[[ Records for the exercise open ]]

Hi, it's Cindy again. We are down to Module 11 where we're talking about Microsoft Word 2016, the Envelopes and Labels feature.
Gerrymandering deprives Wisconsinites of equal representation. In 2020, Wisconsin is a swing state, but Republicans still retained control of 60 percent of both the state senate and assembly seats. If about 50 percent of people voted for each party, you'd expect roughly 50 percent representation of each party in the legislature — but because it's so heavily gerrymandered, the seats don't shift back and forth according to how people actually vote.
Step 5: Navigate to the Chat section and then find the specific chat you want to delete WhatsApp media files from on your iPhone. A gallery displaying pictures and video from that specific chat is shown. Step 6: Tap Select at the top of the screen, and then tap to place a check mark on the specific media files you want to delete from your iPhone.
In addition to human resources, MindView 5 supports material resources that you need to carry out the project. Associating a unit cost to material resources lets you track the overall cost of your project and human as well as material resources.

[[ Records for the exercise closed ]]
[[ Records for the exercise open ]]

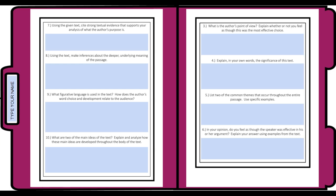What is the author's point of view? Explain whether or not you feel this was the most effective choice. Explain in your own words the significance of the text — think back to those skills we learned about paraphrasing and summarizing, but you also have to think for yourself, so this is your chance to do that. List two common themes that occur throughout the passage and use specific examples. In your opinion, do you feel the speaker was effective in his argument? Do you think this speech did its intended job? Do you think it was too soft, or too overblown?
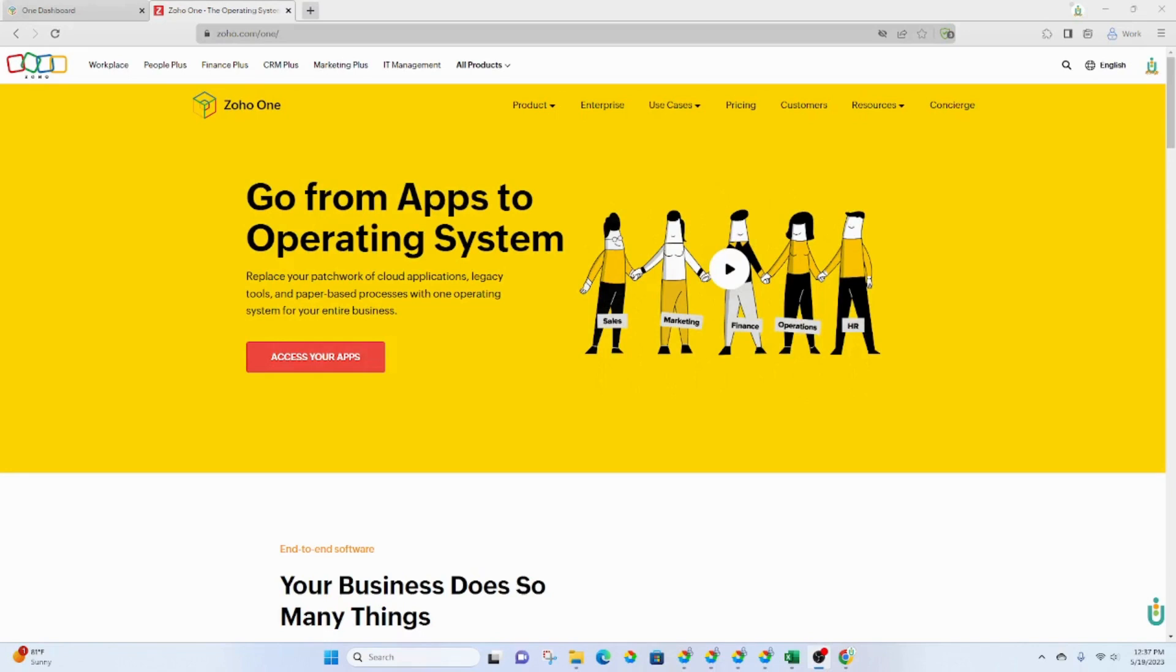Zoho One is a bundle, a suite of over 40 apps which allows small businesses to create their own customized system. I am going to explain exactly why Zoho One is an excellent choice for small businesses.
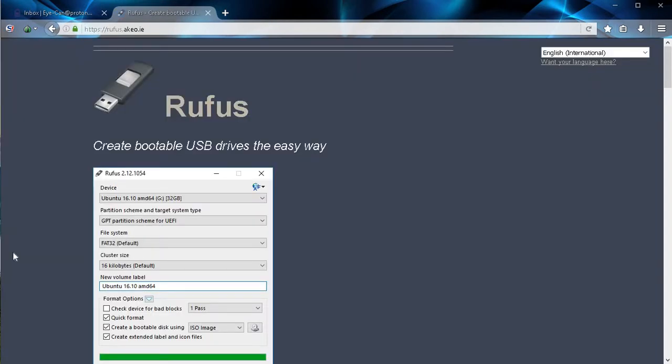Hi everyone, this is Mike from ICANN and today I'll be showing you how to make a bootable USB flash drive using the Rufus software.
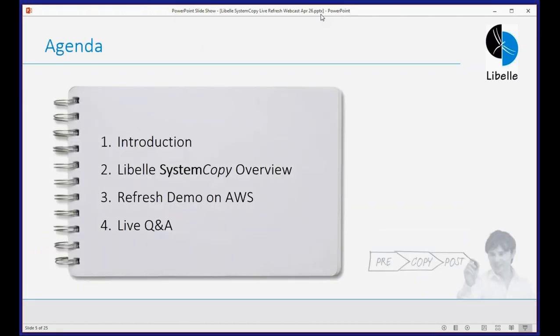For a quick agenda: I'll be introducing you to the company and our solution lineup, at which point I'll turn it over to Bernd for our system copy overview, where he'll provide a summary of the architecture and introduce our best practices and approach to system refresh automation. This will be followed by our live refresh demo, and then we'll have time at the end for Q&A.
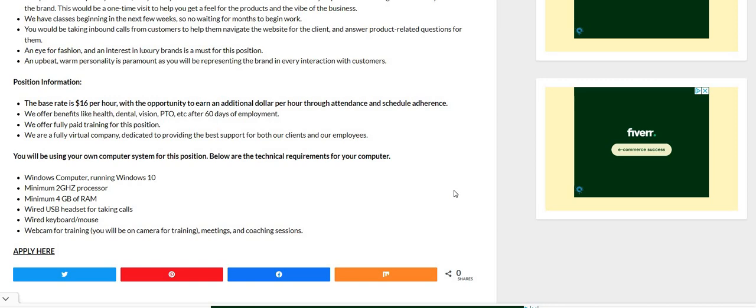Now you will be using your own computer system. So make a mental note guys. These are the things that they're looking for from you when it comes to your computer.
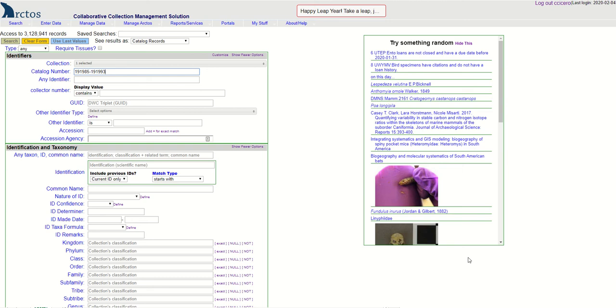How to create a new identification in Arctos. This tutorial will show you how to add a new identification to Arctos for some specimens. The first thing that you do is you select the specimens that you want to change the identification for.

[[ Records for the exercise closed ]]

* Task *
Within the listing above, find the line containing "Now you will" and the line containing "How to create". Transcribe them and everything between them exactly, leaving out the pictures.

* Output below *
Now you will be using your own computer system. So make a mental note guys. These are the things that they're looking for from you when it comes to your computer.
How to create a new identification in Arctos. This tutorial will show you how to add a new identification to Arctos for some specimens. The first thing that you do is you select the specimens that you want to change the identification for.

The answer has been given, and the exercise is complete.